• **WHAT IS EXPECTED**:
Once the line containing "Offer 5 sets" appears, output it and each remaining line of the records below exactly, with no pictures and nothing more.

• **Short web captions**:
□ □ □ □ □
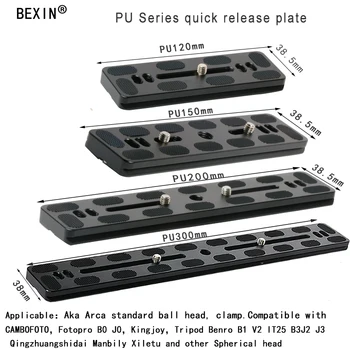 BEXIN Universal Aluminium Legering Quick Release Plade Stativ Mount-Adapter med 1/4 Skrue for Benro Arca Swiss Stativ hoved Bold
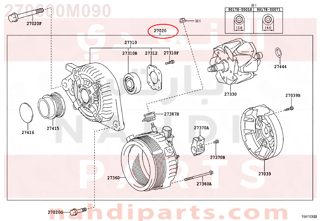 270600M090,ALTERNATOR ASSY,دينمو كهرباء - دينمو الشحن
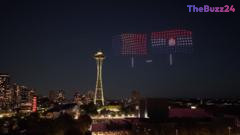 Seattle Sky Lit by 400 Drones in Historic FIFA Scoreboard Display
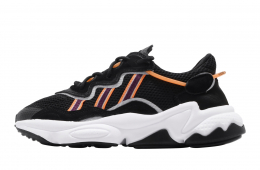 Adidas WMNS Ozweego Core Black Purple Beauty Flash Orange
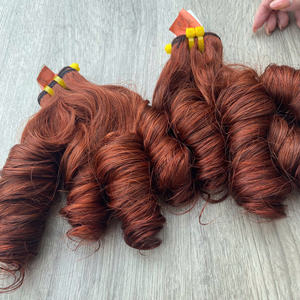 Combo Make Bouncy Perruque Bouclée Cheveux Humains Non Transformés SDD Bundle Closure Raw Cheveux Vierges Vietnamiens Cuticules Alignés Prix Usine - Product Image 1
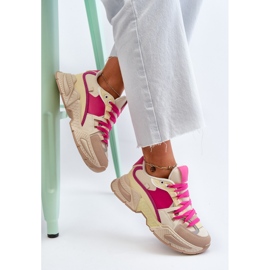 Deportivas de Mujer con Suela Gruesa Peonema Fucsia rosado 7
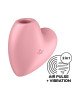 Вакуумний стимулятор - Satisfyer Cutie Heart Light Red Вакуумний стимулятор - Satisfyer Cutie Heart Light Red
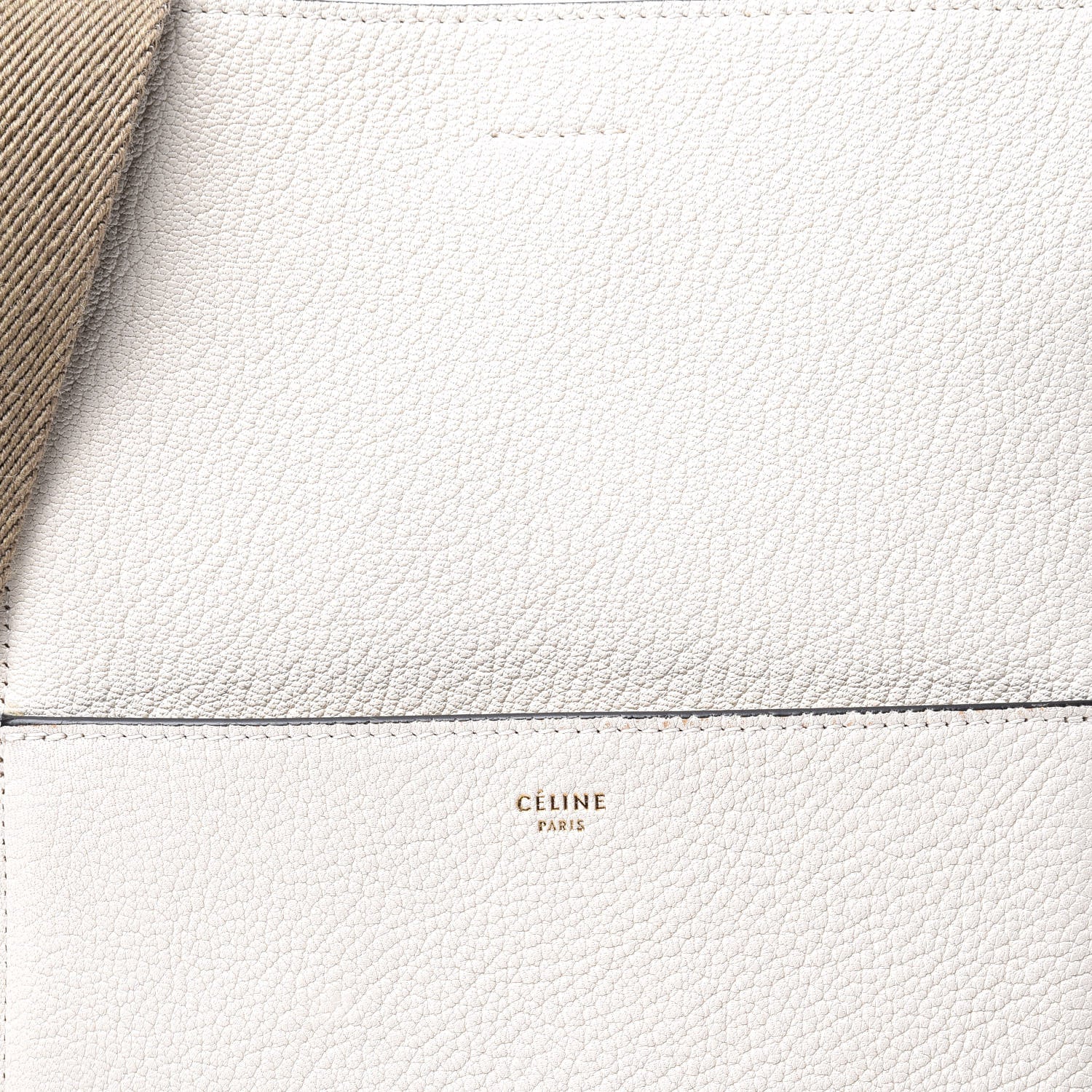 Celine Goatskin Sangle Bucket Bag White 8 of 9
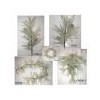 Offer 5 sets of frosted artificial pine needle w/cone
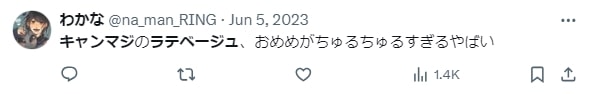 シークレットキャンディーマジックのラテベージュの口コミ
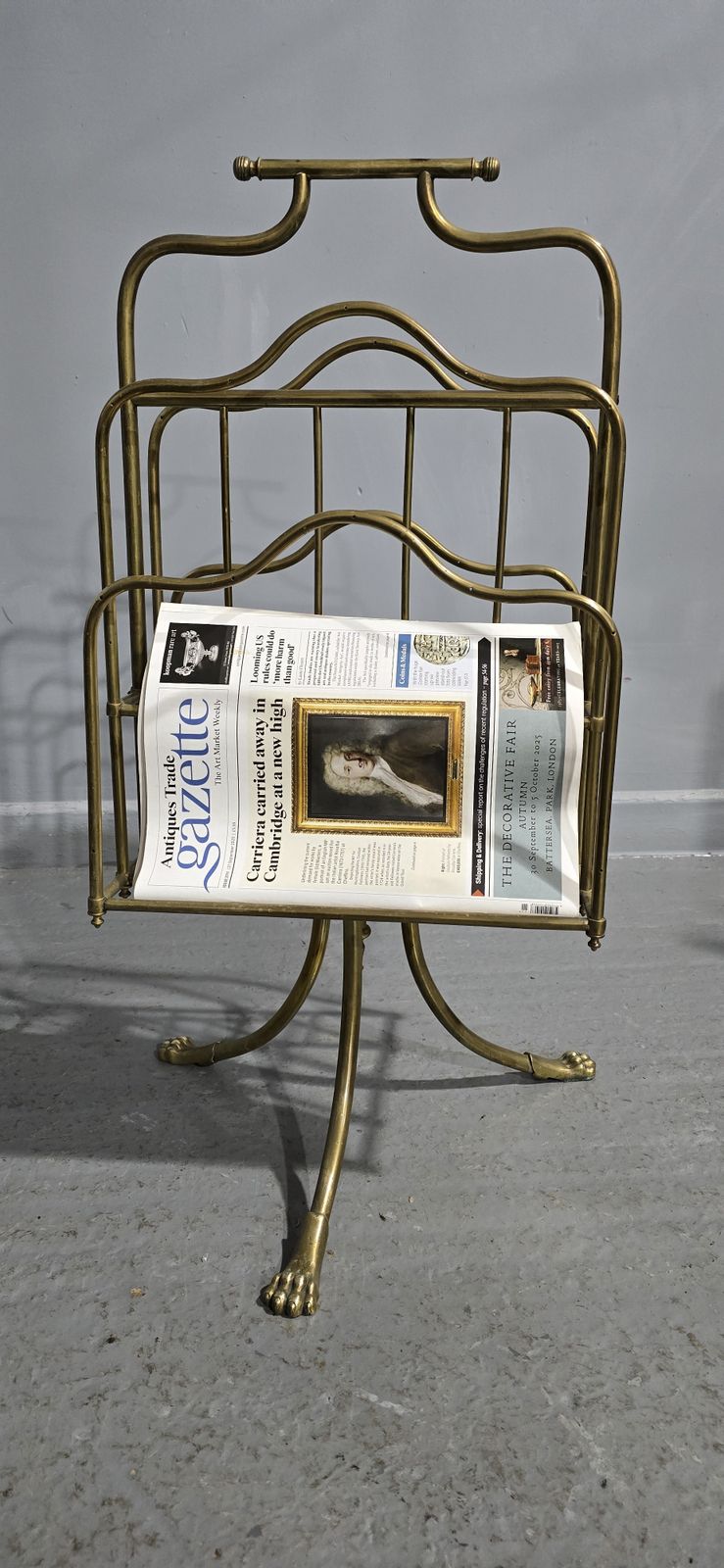 Victorian Brass Revolving Magazine Stand photo Home Decor
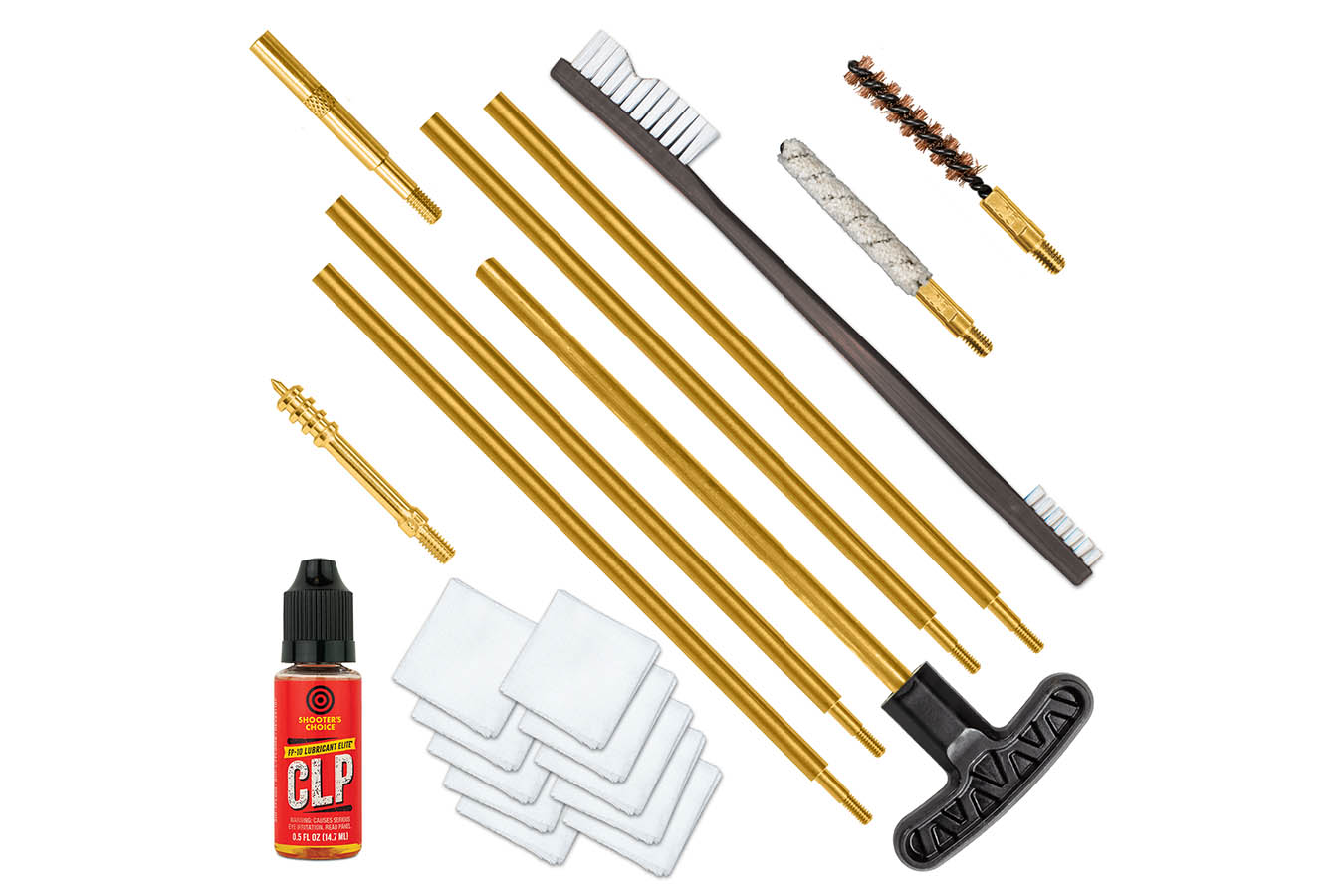 Otis Tech 6.5mm/.243 Caliber Rifle Cleaning Kit with Brass Rods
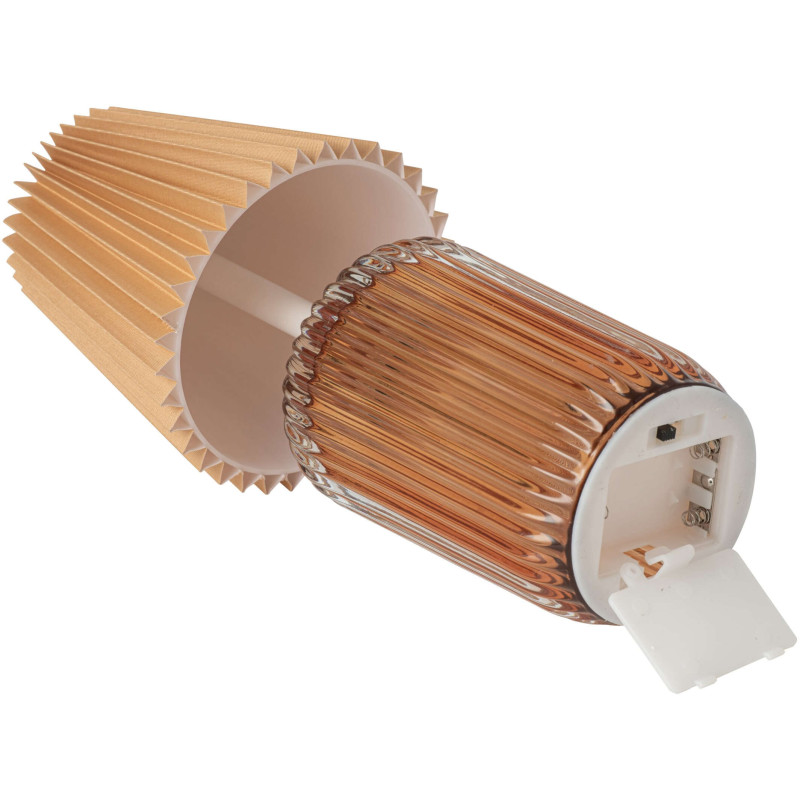 Lampe à poser LED sans fil verre moutarde Nuvoria J-Line - 3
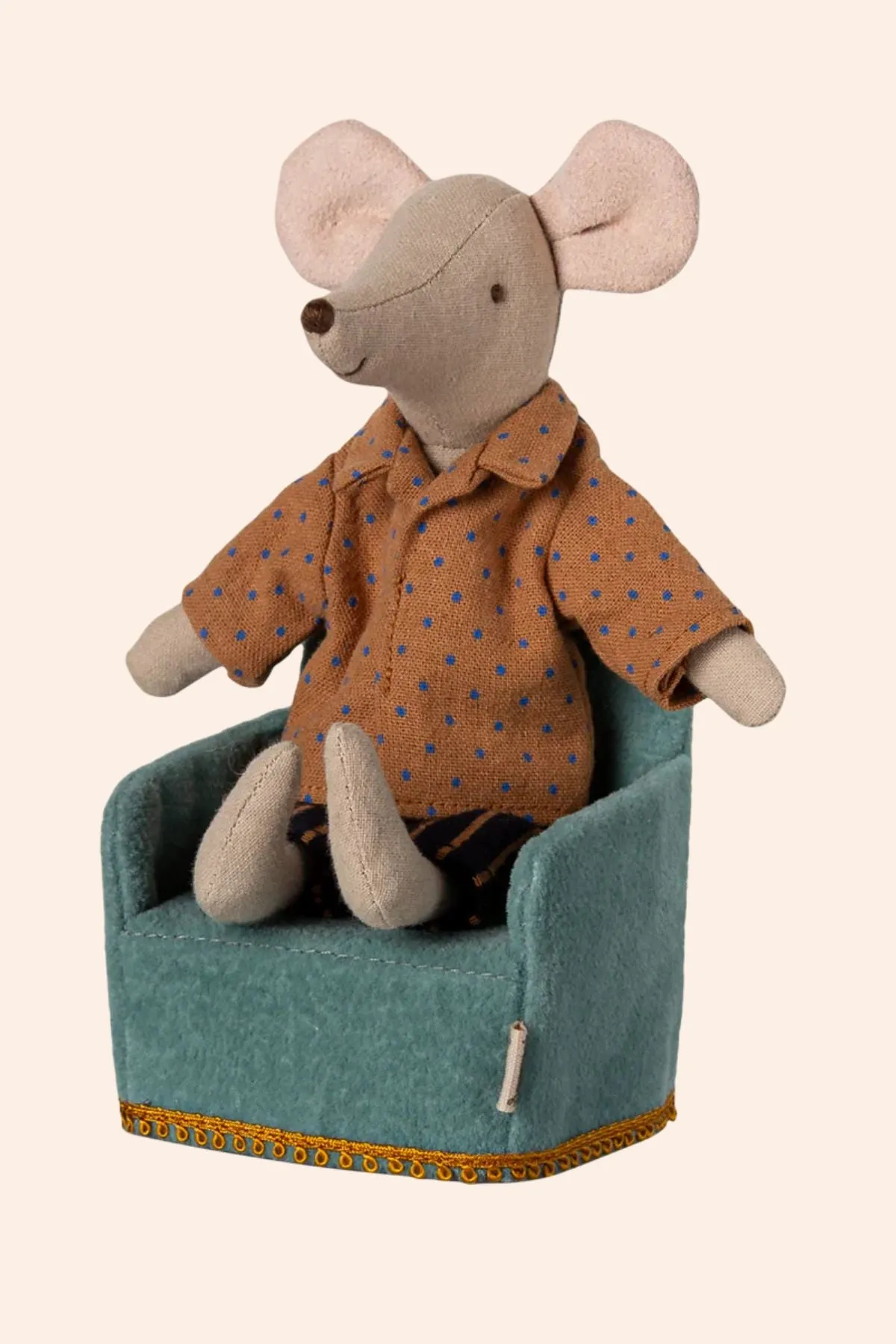 Maileg - Folding Chair - Mouse - Mint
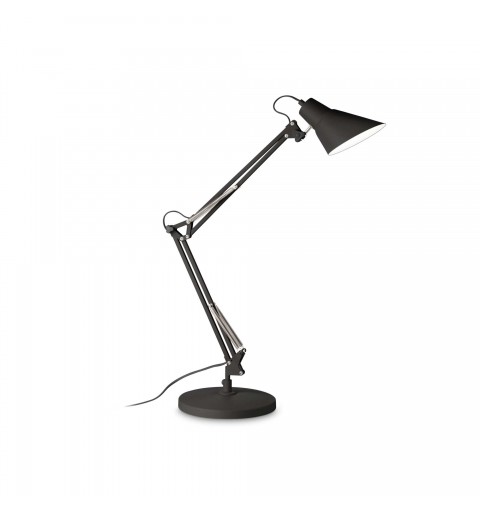 Ideal Lux SALLY TL1 TOTAL BLACK Mod. 265285 Lampada Da Tavolo 1 Luce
□ □ □ □ □
• **REPLY TO THE EXERCISE**:
 Offer 5 sets of frosted artificial pine needle w/cone
 シークレットキャンディーマジックのラテベージュの口コミ
 Victorian Brass Revolving Magazine Stand photo Home Decor
 Otis Tech 6.5mm/.243 Caliber Rifle Cleaning Kit with Brass Rods
 Lampe à poser LED sans fil verre moutarde Nuvoria J-Line - 3
 Maileg - Folding Chair - Mouse - Mint
 Ideal Lux SALLY TL1 TOTAL BLACK Mod. 265285 Lampada Da Tavolo 1 Luce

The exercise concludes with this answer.